Suppose we have a mixture of two gases, chlorine and hydrogen, in a glass flask. Under ordinary conditions, they react very slowly.

But try lighting a strip of magnesium near the flask. An explosion occurs immediately (if anybody wants to try this experiment, be sure to shield the flask with a hood made of thick wire).

Now why does the mixture of chlorine and hydrogen explode under the action of bright light?

The answer is that a chain reaction is involved. If we heated the flask to about 700 degrees, it would also explode: the chlorine and the hydrogen would combine instantly, in a split second.

This would not surprise us, because we know that heat increases the activation energy of the molecule manifold. But in the experiment just mentioned the temperature did not change.

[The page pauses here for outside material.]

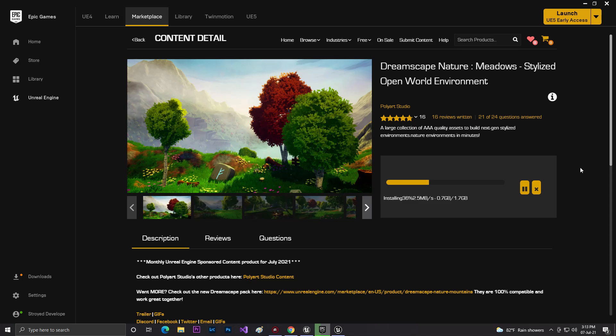Hey guys, welcome back to CodeManglava ITA. In this video we are going to make an Android game. In this series we'll learn Android game development — how to optimize our game for Android, how to export, and lots more. I noticed there are no good videos available using Unreal Engine 5 or Unreal Engine 4 for this, so I think this video will help you. Don't forget to like, share, and subscribe.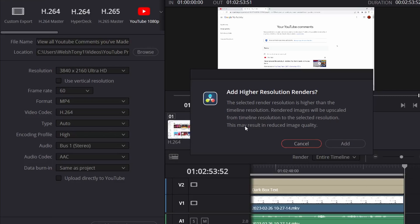Then it gives you this error here. It's saying any render higher than the timeline resolution may be upscaled and distorted, but I have never had an issue with it. For YouTube, it says this may result in reduced image quality.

This reaction was caused by light.

Quanta, these tiniest portions of light, carry a large amount of energy. Much more than that needed to activate molecules.

Now when a chlorine molecule happens to get into the path of a light quantum, the quantum tears it apart into atoms and passes its energy over to them.

The chlorine atoms are now in an excited, energy-rich state.

These atoms, in their turn, bear down upon the hydrogen molecules and tear them apart into atoms too. One of the latter combines with a chlorine atom and the other remains free. But it is excited. It craves to give away part of its energy. To whom? Why, to a chlorine molecule. And when it collides with one, that is the end of the phlegmatic chlorine molecule.

And now again there is an active chlorine ion at large, but it does not take long for this atom to find an outlet for its energy.

Thus we get a long consecutive chain of reactions.

As soon as the reaction starts, more and more molecules are activated by the energy liberated as a result of the reaction. The rate of the reaction increases like an avalanche of snow rolling down a mountain.

When the avalanche reaches the valley it dies down. The chain reaction dies out when all the molecules have been caught up by it, when all the hydrogen and chlorine molecules have reacted.

Chemists know multitudes of chain reactions. Our prominent scientist Nikolai Semyonov has studied how these reactions occur in great detail.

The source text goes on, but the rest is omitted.